Operator precedence and evaluation order


I can't understand output of this program:

#include<iostream>
using namespace std;
int main()
{
    int x = 1 , y = 1, z = 1;
    cout << ( ++x || ++y && ++z ) << endl; //outputs 1;
    cout << x << " " << y << " " << z ;  //x = 2 , y = 1 , z = 1;
    return 0;
}

Output:

1
2 1 1

If || is evaluated first then this output is fine, however this article says that && has a higher precedence than ||, and thus it must be evaluated first. If this is the case then according to me output should be:

1
1 2 2

as ++y && ++z would evaluate to true and thus ++x won't be evaluated.


Solution

  • "Precedence" affects grouping, not order, and means that if there could be any ambiguity regarding which operator an operand "belongs to", the operator with the higher precedence gets first dibs on it.

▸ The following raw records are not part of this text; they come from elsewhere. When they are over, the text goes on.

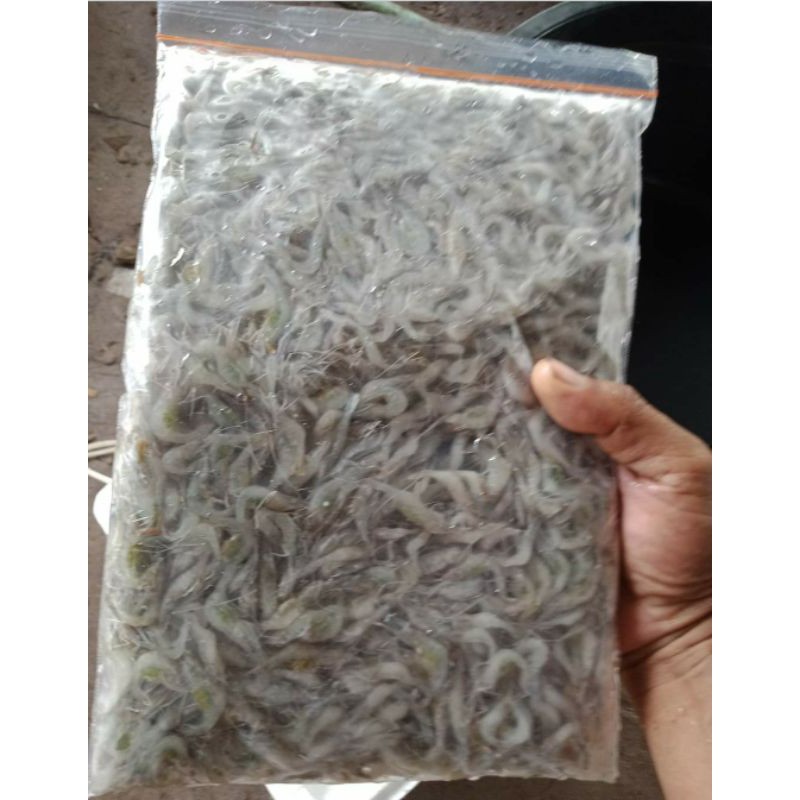 

pakan predator udang beku partai masuk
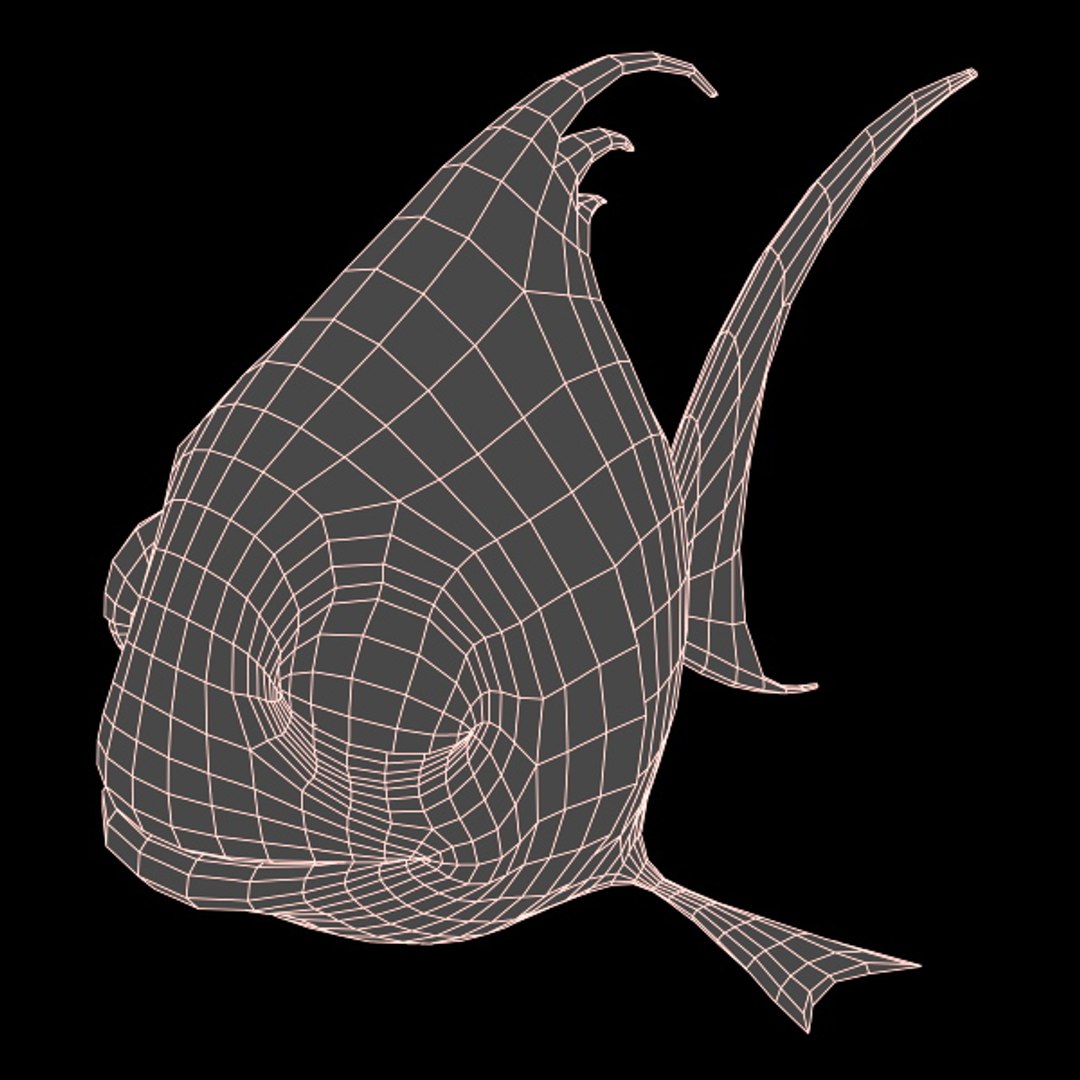3d Model Cartoon Fish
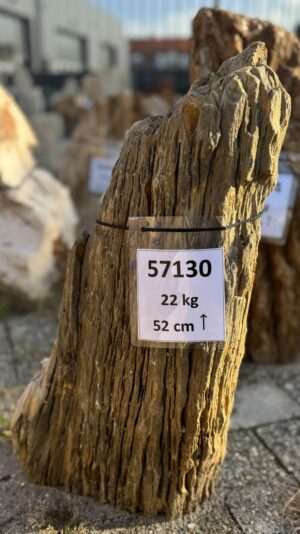 Grabstein versteinertes Holz 57130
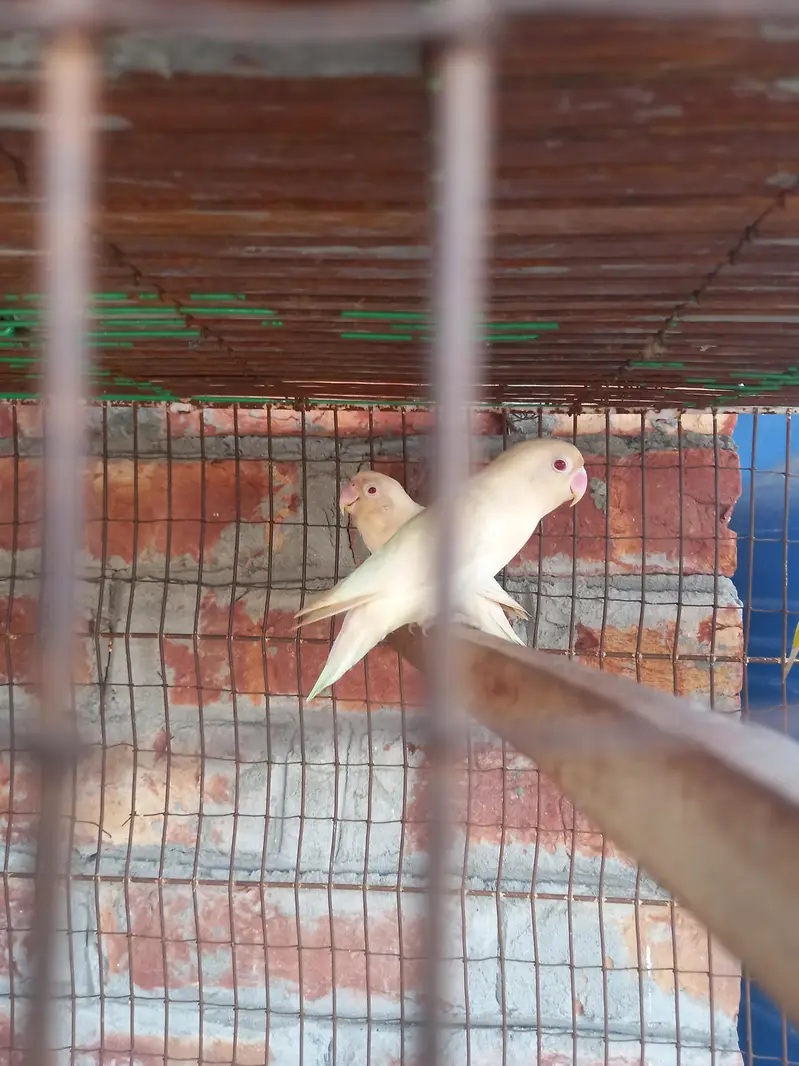 love brids — photo 2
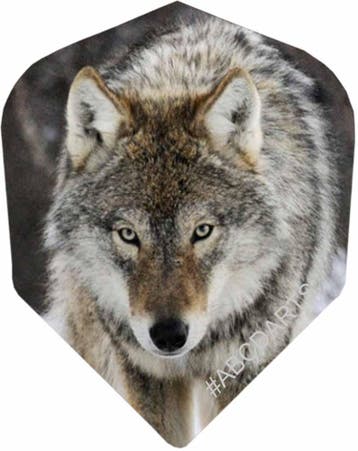 Lone Wolf - 5 sets (Dart Flights), Ophalen of Verzenden, Nieuw, Pijlen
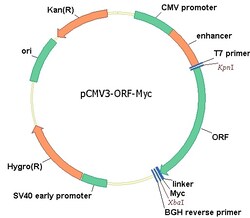 Sino Biological&nbsp;Human, PSAP/Prosaposin cDNA ORF Clone, C-Myc tag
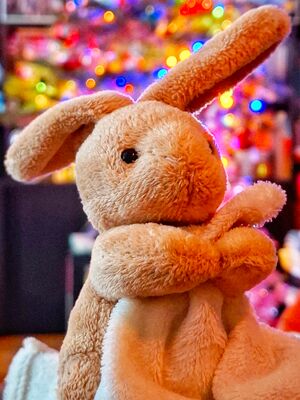 Bunny of Harrow Official Portrait 2026.jpg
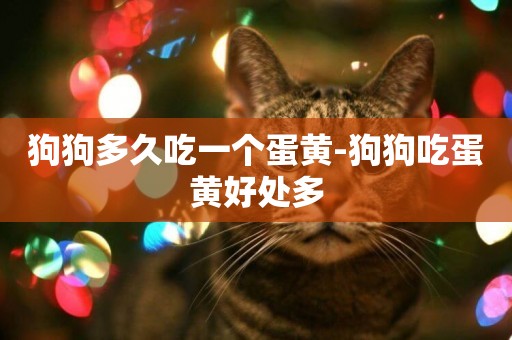 狗狗多久吃一個蛋黃-狗狗吃蛋黃好處多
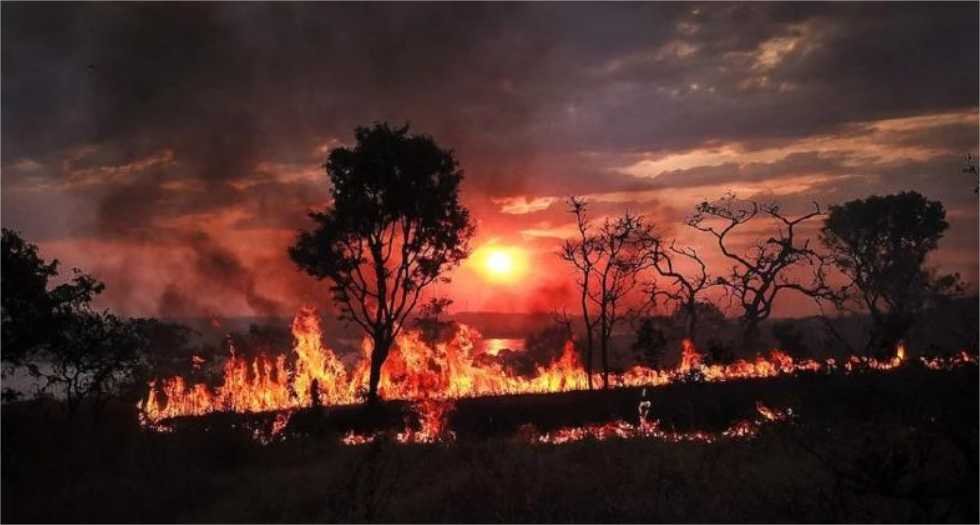 Ibama prevê que queimadas irão se alastrar por mais dois meses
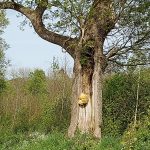 ein letztes Bild und ab, nach Hause!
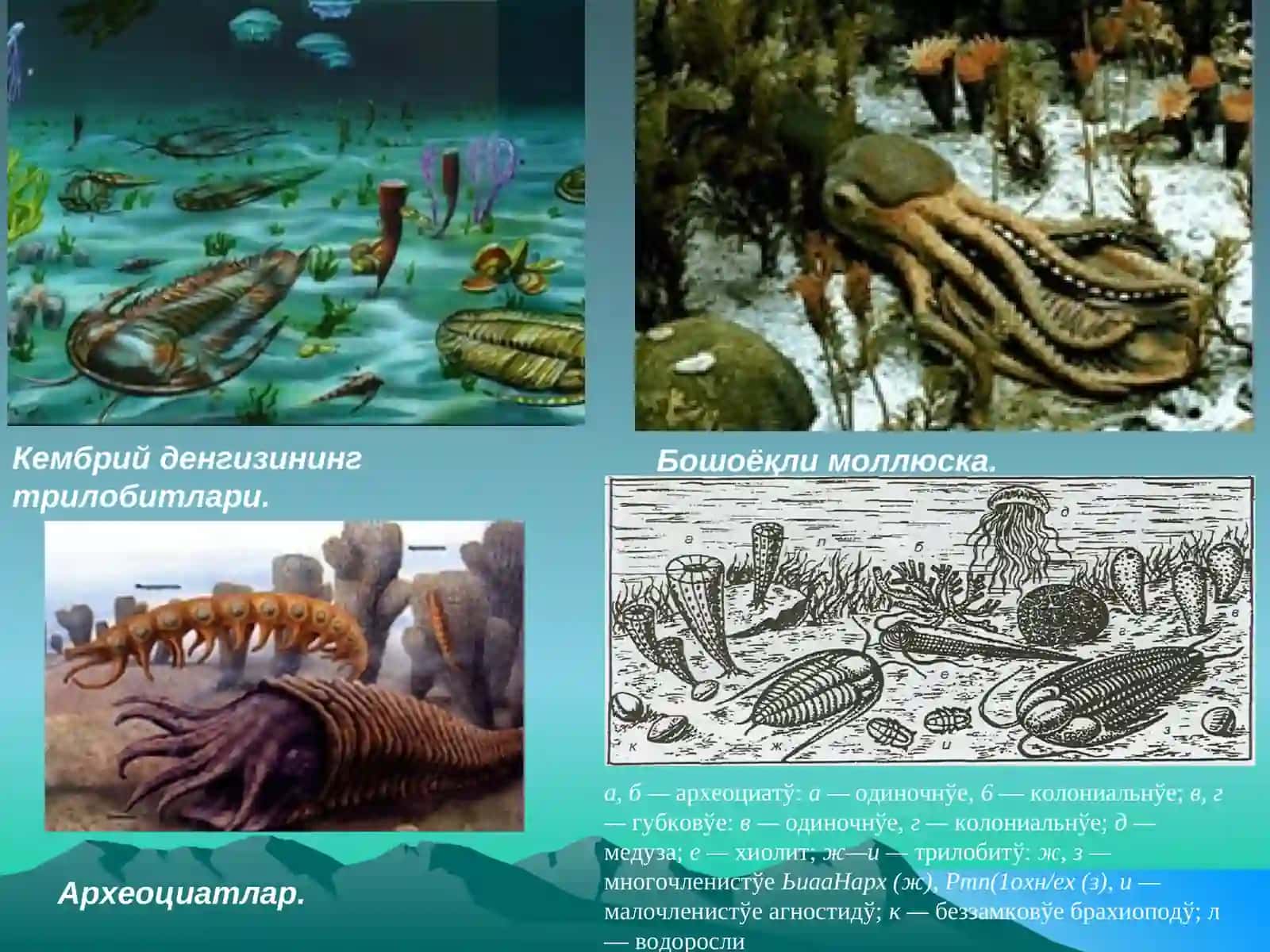 Фауна ва флораларни ахамияти 4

    Since there are two binary operators involved, there are two ways you can read the expression.
    As trees, these would be:

        and
        /\
       or ++z       [(++x || ++y) && ++z]
      / \
    ++x ++y 
    
    
       or
       /\
    ++x  and       [++x || (++y && ++z)]
         / \
      ++y ++z
    

    The precedence rules determine that the latter tree is chosen in C++, since the middle operand, ++y, is grouped with &&, not with ||.

    The "short-circuiting" of these operators means that evaluation must start at the leftmost leaf (each operator must first evaluate its left leg, then its right if it needs to).
    Thus, ++x is evaluated first, and || only continues with its right leg if ++x is zero, which it isn't.

    (As can be seen from the wonderful and artistic diagrams, ++x must be evaluated first regardless of the relative precedence of && and ||.)